In an attempt to become more of a mother to the boy, the new stepmother tries to teach Noah more about discipline and responsibility. You see, Noah has been leaving his pocket change in his pants when he throws them in the hamper. Distraught that his carelessness will be seen as insensitive to the maid who only make $30 a week, the stepmother tells Caroline that she may keep any money she finds in the laundry for herself. Torn by her pride, which tells her not to take money from a child, and the want to provide a better life for her children, Caroline's dilemma becomes a combustible powder keg that will change everyone in the household.
Caroline, played by Tonya Pinkins, in a performance one can only call genius (more on that later), is herself a microcosm of the country as a whole. As the lyrics remind us "Change come fast, change come slow," and we see this dichotomy in Caroline, who has great pride and rightly so but finds it in conflict with her role as that of a servant.
Caroline spends most of her time in the only basement in Lake Charles, which is an escape, as well as a prison for the maid. When we first meet Caroline she sings, "Nothing ever happen underground in Louisiana/ Cause there ain't no underground in Louisiana/ There is only Underwater" And the description is accurate, for Caroline herself is underwater struggling to make ends meet, a divorcee with a child in Vietnam, not to mention three other at home.
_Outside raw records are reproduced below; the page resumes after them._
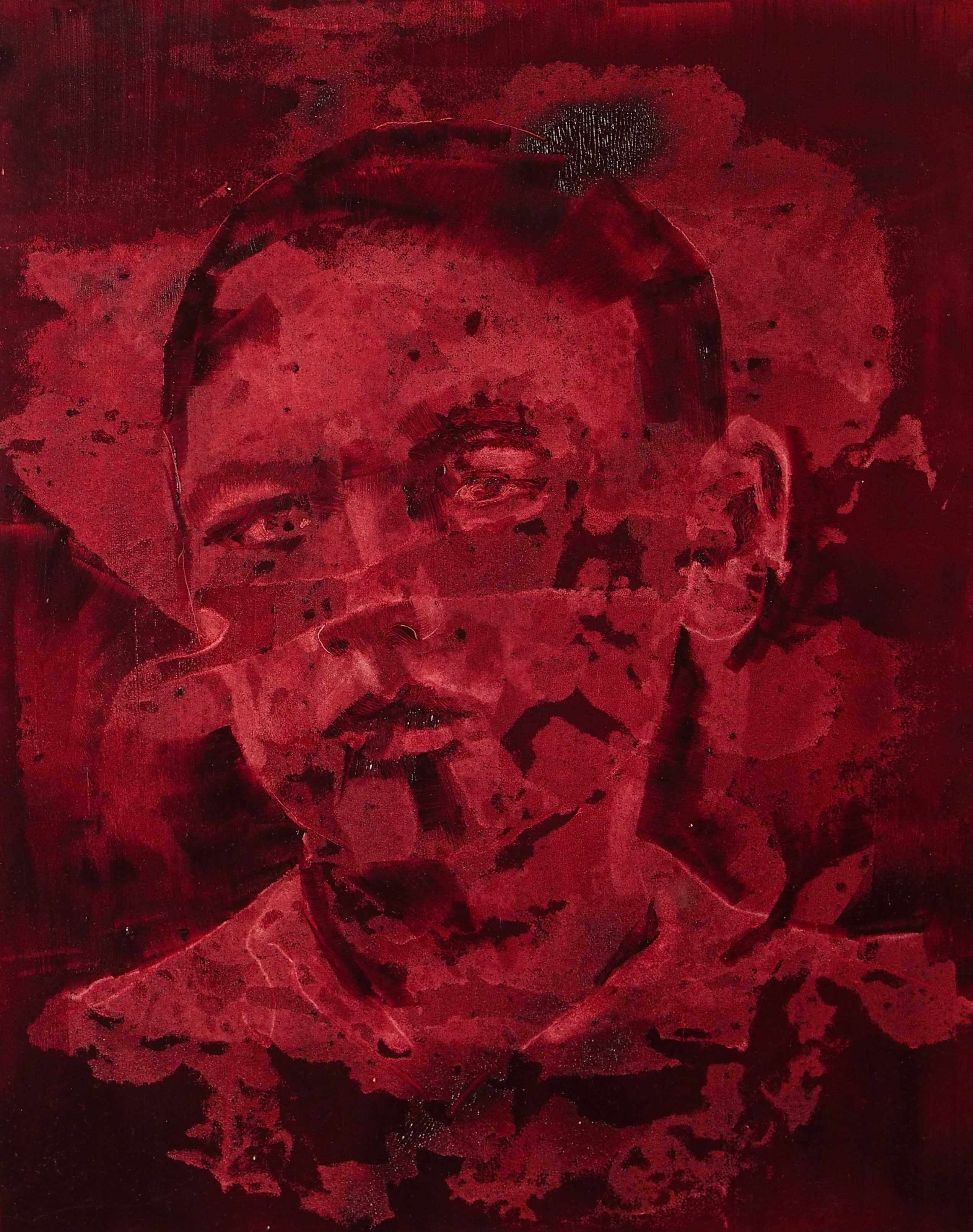 Έργο Avish Khebrehzadeh Έργο Avish Khebrehzadeh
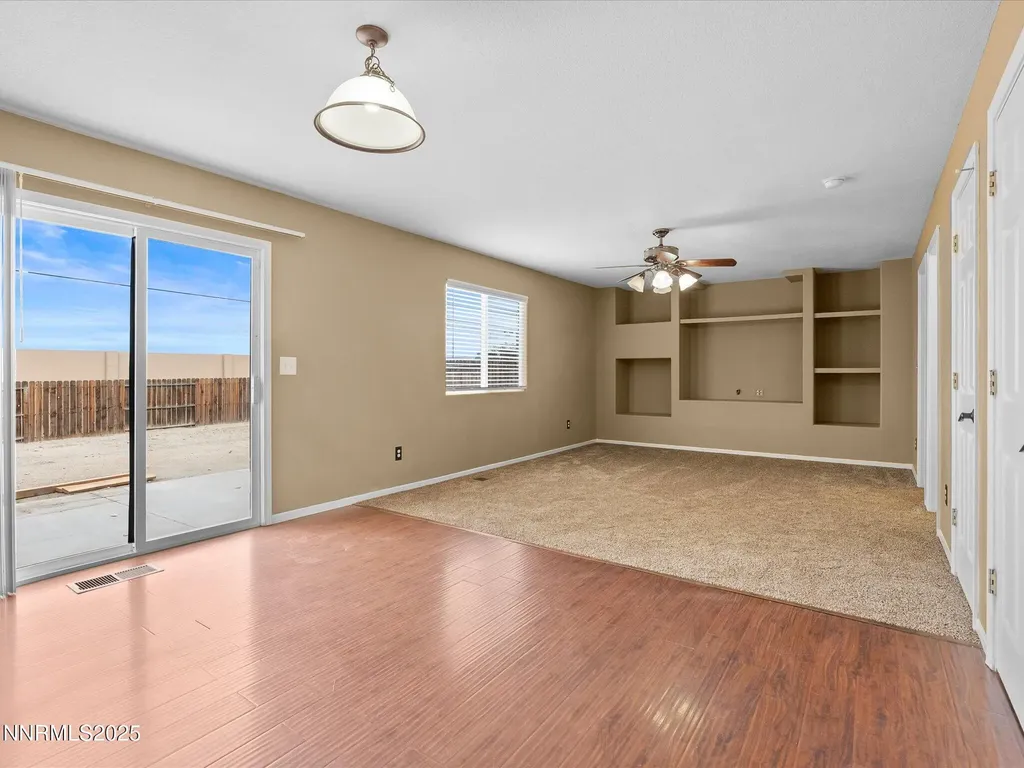 151 Desert Springs Fernley NV 89408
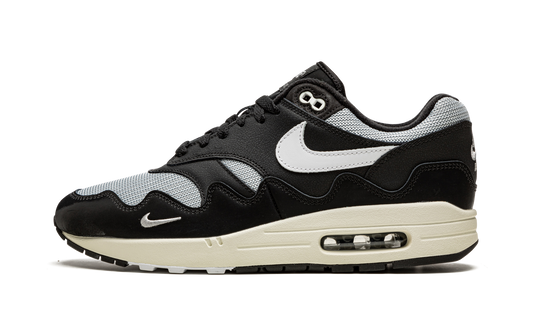 Nike Air Max 1 "Patta - Black" DQ0299 001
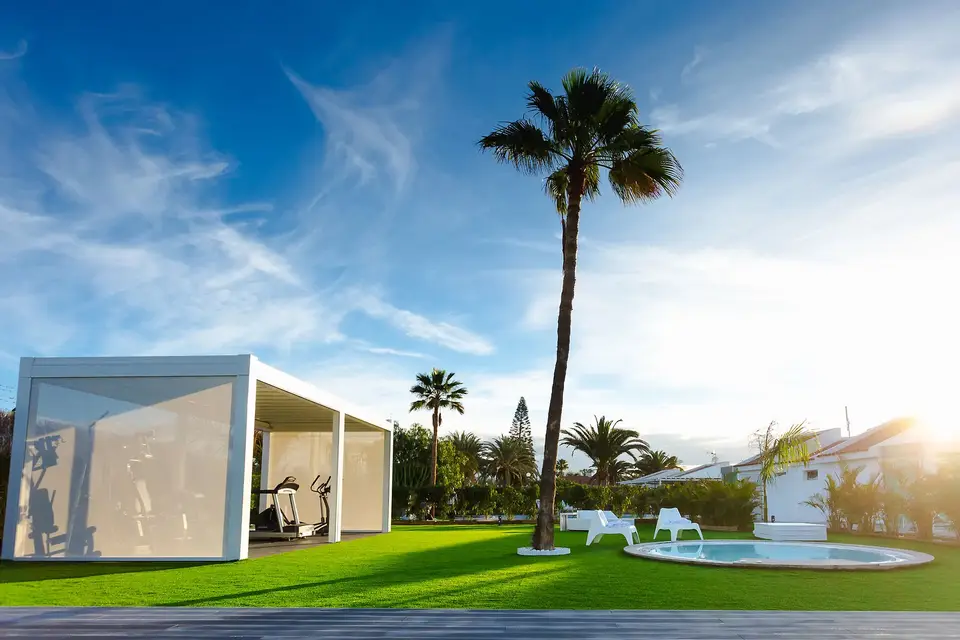 Seven Hotel & Wellness, Maspalomas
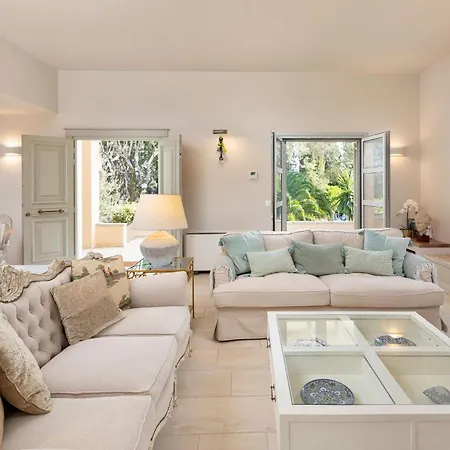 Apelia Estate - Among Ancient Olives, Experience The Quiet Soul Of Corfu Corfu (city)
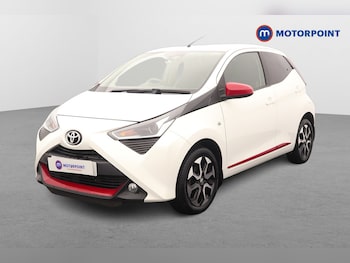 Used Toyota AYGO 2021 for sale - 76038418: Photo 3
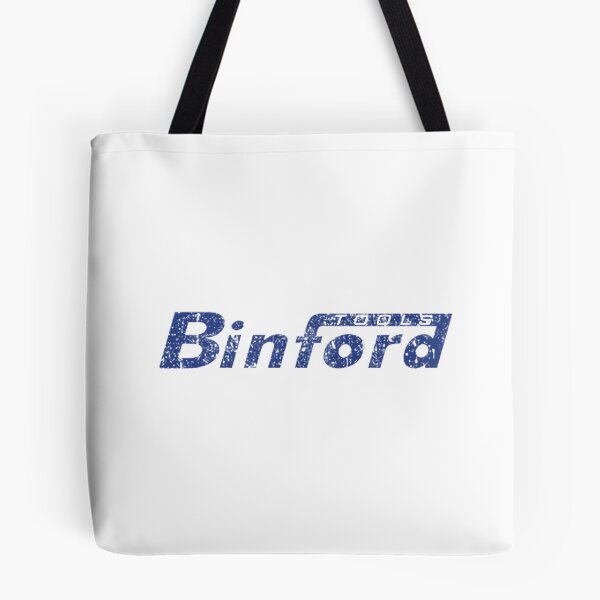 Item preview, Binford Tools: More Power! Funny Tv Show Fan Art | Limited Edition designed and sold by GothBoyArt.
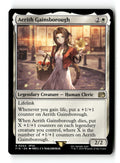 Aerith Gainsborough
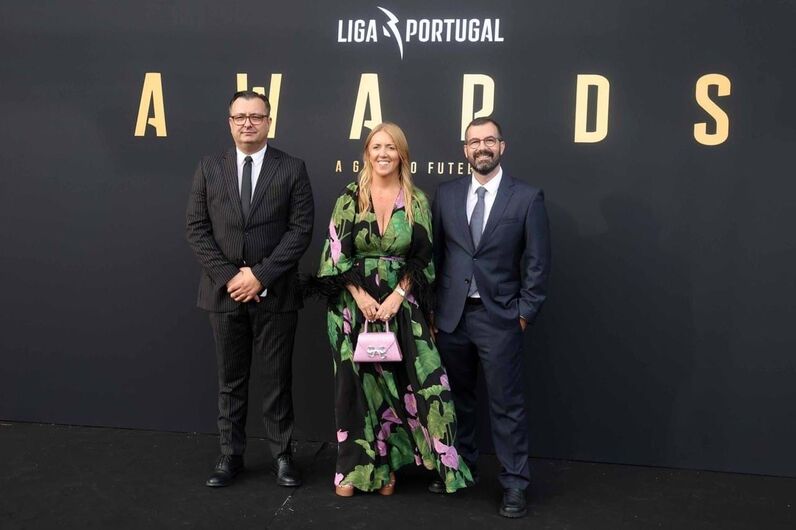 Liga Portugal Awards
Her life has been a constant struggle, and sadly, the underground tomb where she does her washing and drying, is also the only place she can be herself, without the dutiful façade of the maid dancing and singing along with the radio.
The change in the pockets of the boy's pants become an allegory for the greater movement of change in the world, and how change can bring both hope and despair. One of the most powerful moments in the musical comes when the bus Caroline and her friend Dottie are waiting for arrives late, explaining with sadness that President Kennedy has been shot. In his brief, soulful soliloquy, the bus expresses the despair he feels for this great loss, as this President epitomized hope, and with hope, a better life for all.